• _Provided data_
Start of Block

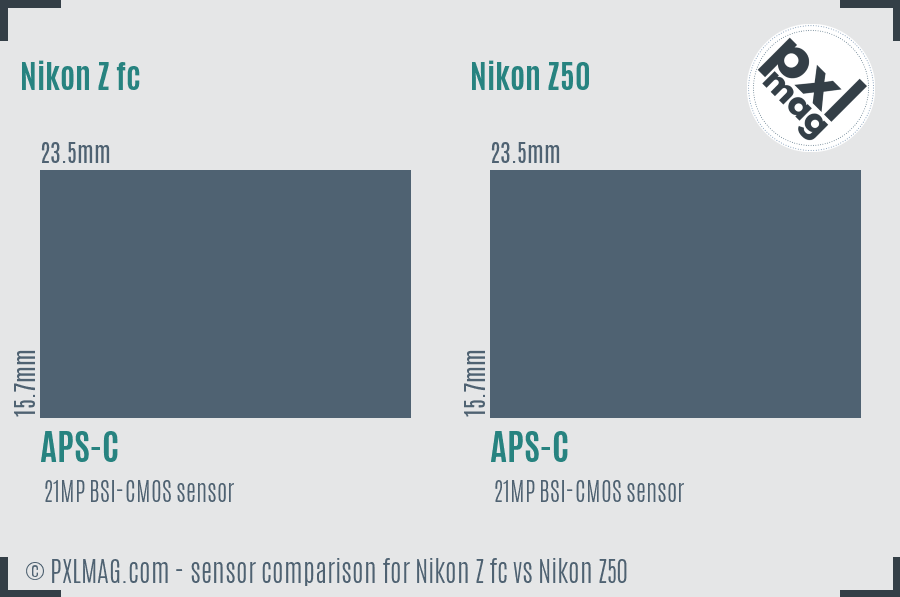 Nikon Z fc vs Nikon Z50 sensor size comparison
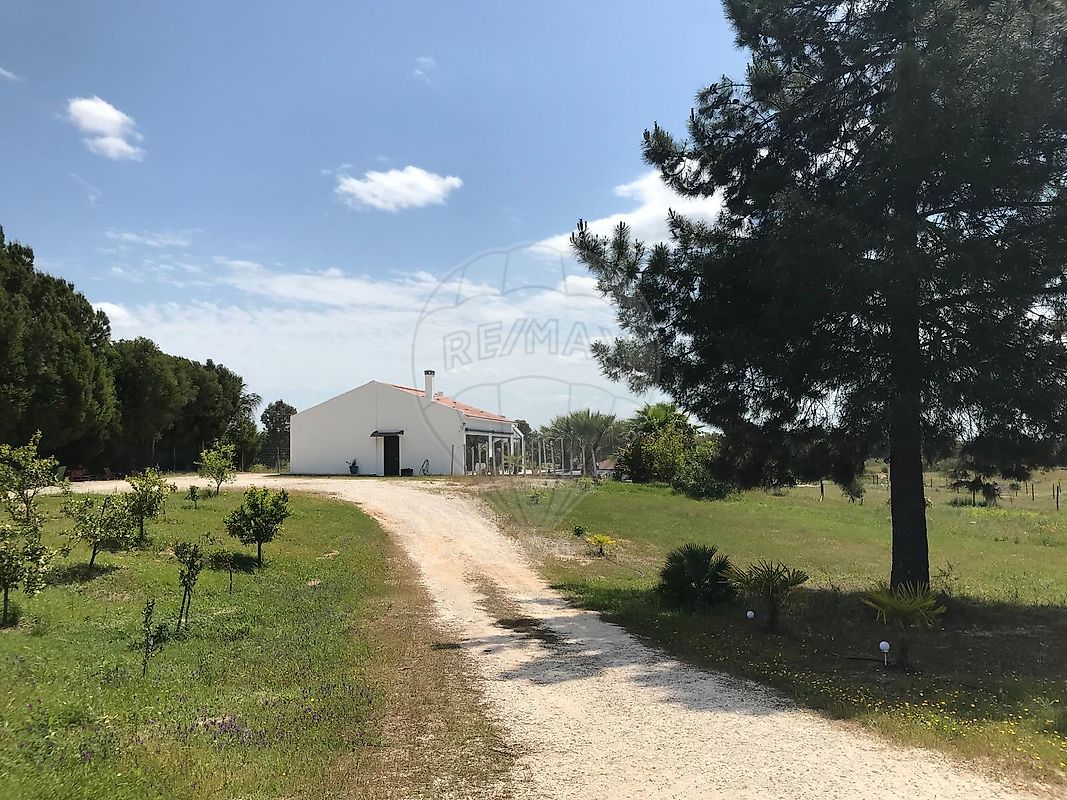 listing-picture-0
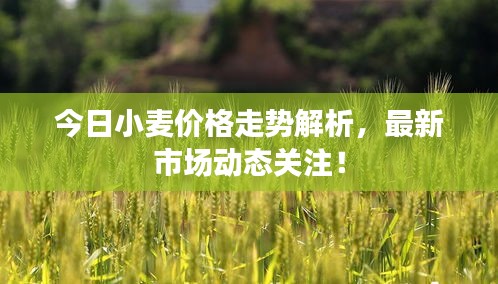 今日小麦价格走势解析，最新市场动态关注！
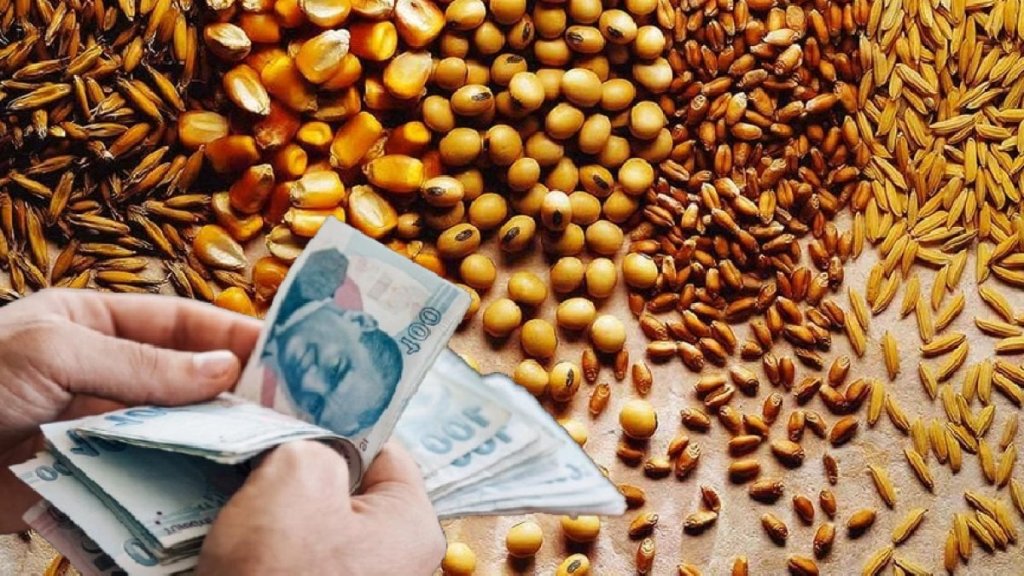 Ekmeklik Buğday Düşüşte, Mısır, Arpa ve Yulaf Fiyatları Artıyor: 11 Şubat Güncel Hububat Tutarları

End of Block

• _Exercise aim_
Restate word for word the lines from the one with "今日小麦价格走势解析，最新市场动态关注！" to the end of the material, both included. Do not include the pictures.

• _Exercise response_
 今日小麦价格走势解析，最新市场动态关注！
 Ekmeklik Buğday Düşüşte, Mısır, Arpa ve Yulaf Fiyatları Artıyor: 11 Şubat Güncel Hububat Tutarları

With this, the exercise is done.